START Available records
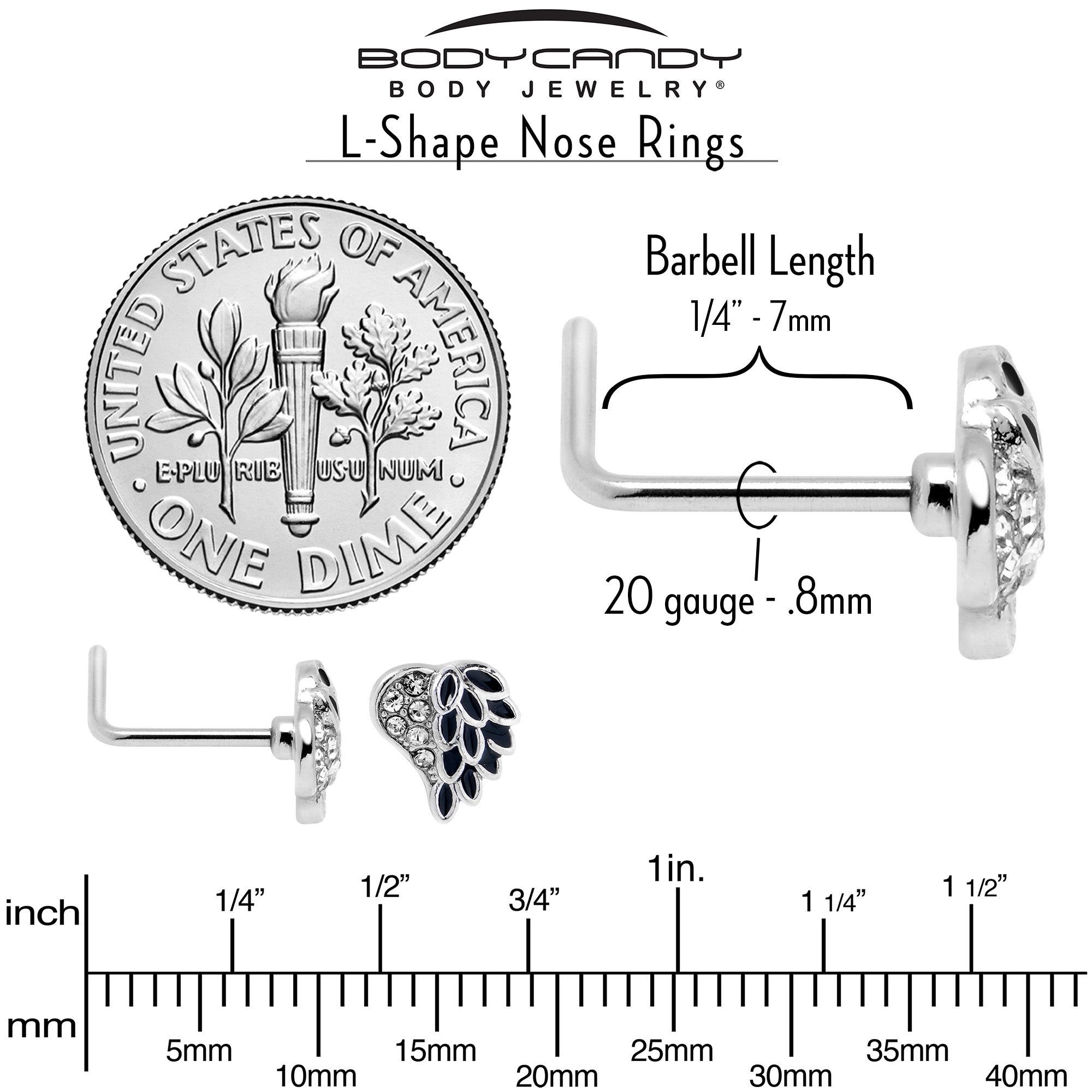 20G 7mm Clear Gem Heavenly Heart Angel Wing Black L Shape Nose Ring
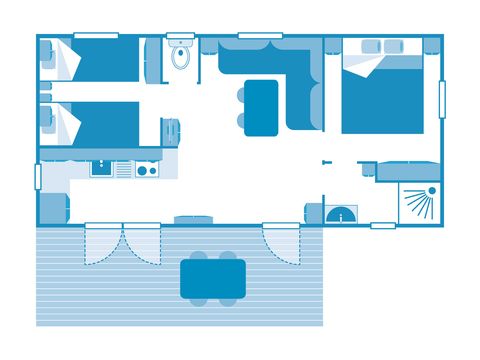 MOBILHOME 4 personnes - COTTAGE 4p 2ch  ****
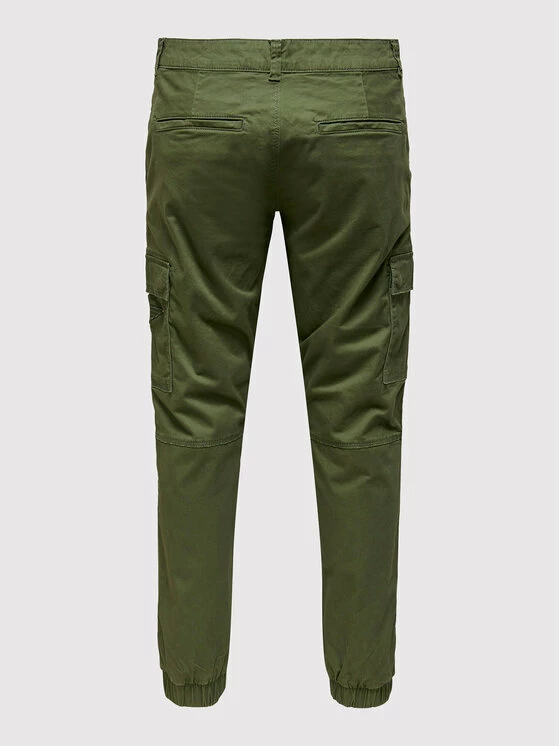 Ολοκαίνουργιο ✔️ Only & Sons Άνδρες Υφασμάτινα Παντελόνια Παντελόνι υφασμάτινο Cam 22023053 Πράσινο Regular Fit ✔️ - Image 2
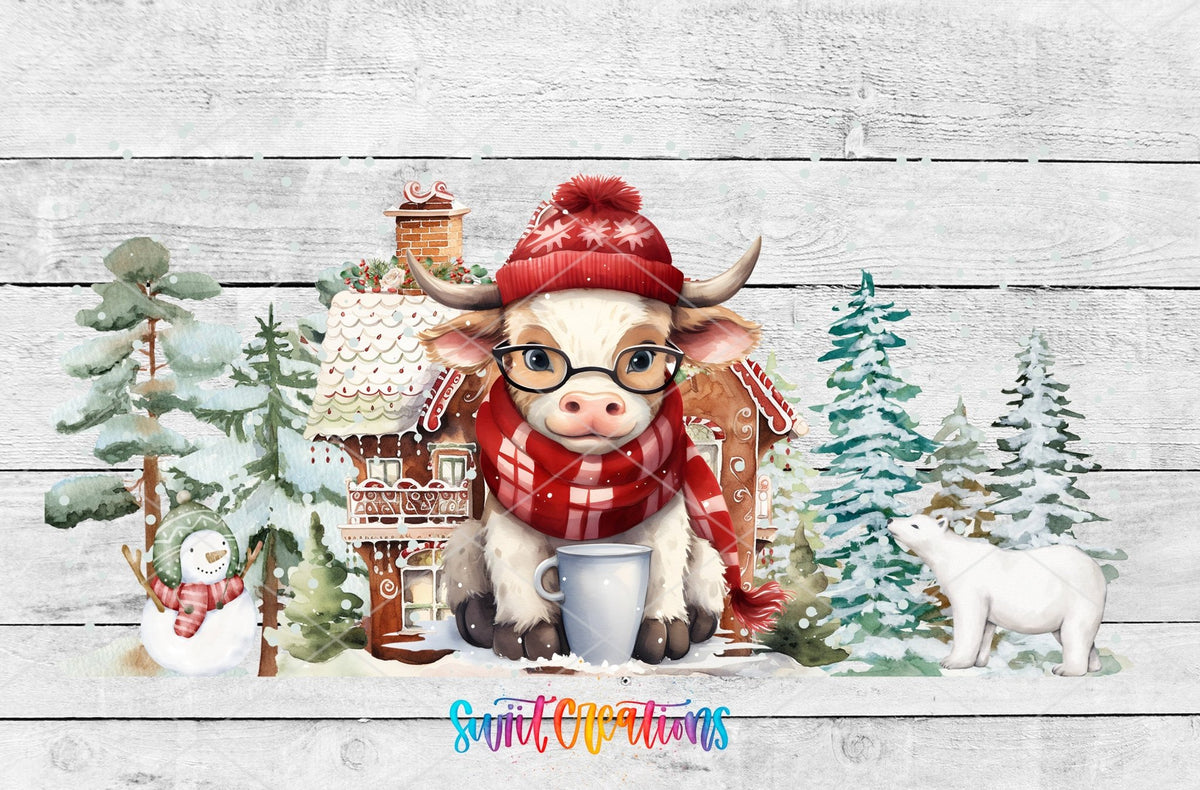Christmas Cow Winter Cottage UV DTF Transfer Tumbler Wrap | DTF169 - Swiit Creations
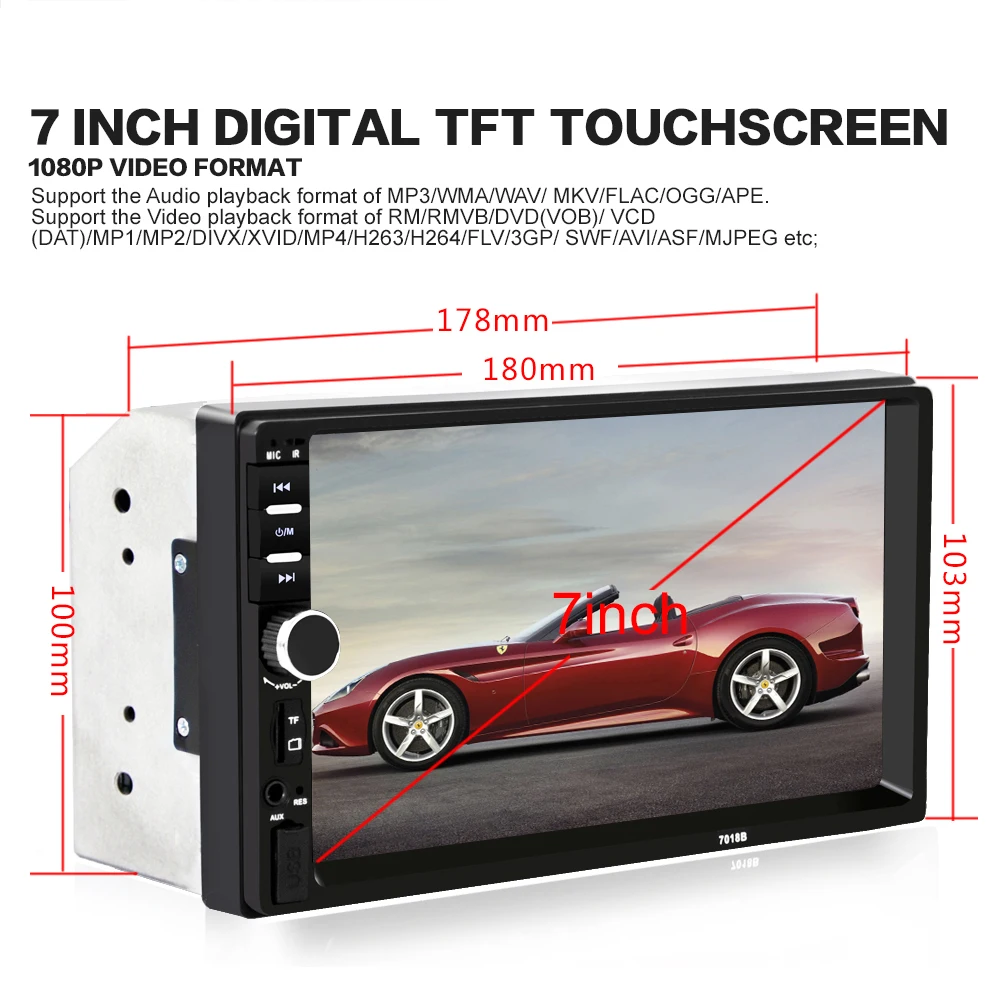 Новый 7018B 2 DIN Автомобильный Bluetooth аудио 7 &quotHD Авторадио в тире сенсорный экран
END Available records
_What this task involves_:
From the first line to the last, retype the data above exactly, but not its images.

_Written response_:
 20G 7mm Clear Gem Heavenly Heart Angel Wing Black L Shape Nose Ring
 MOBILHOME 4 personnes - COTTAGE 4p 2ch  ****
 Ολοκαίνουργιο ✔️ Only & Sons Άνδρες Υφασμάτινα Παντελόνια Παντελόνι υφασμάτινο Cam 22023053 Πράσινο Regular Fit ✔️ - Image 2
Christmas Cow Winter Cottage UV DTF Transfer Tumbler Wrap | DTF169 - Swiit Creations
 Новый 7018B 2 DIN Автомобильный Bluetooth аудио 7 &quotHD Авторадио в тире сенсорный экран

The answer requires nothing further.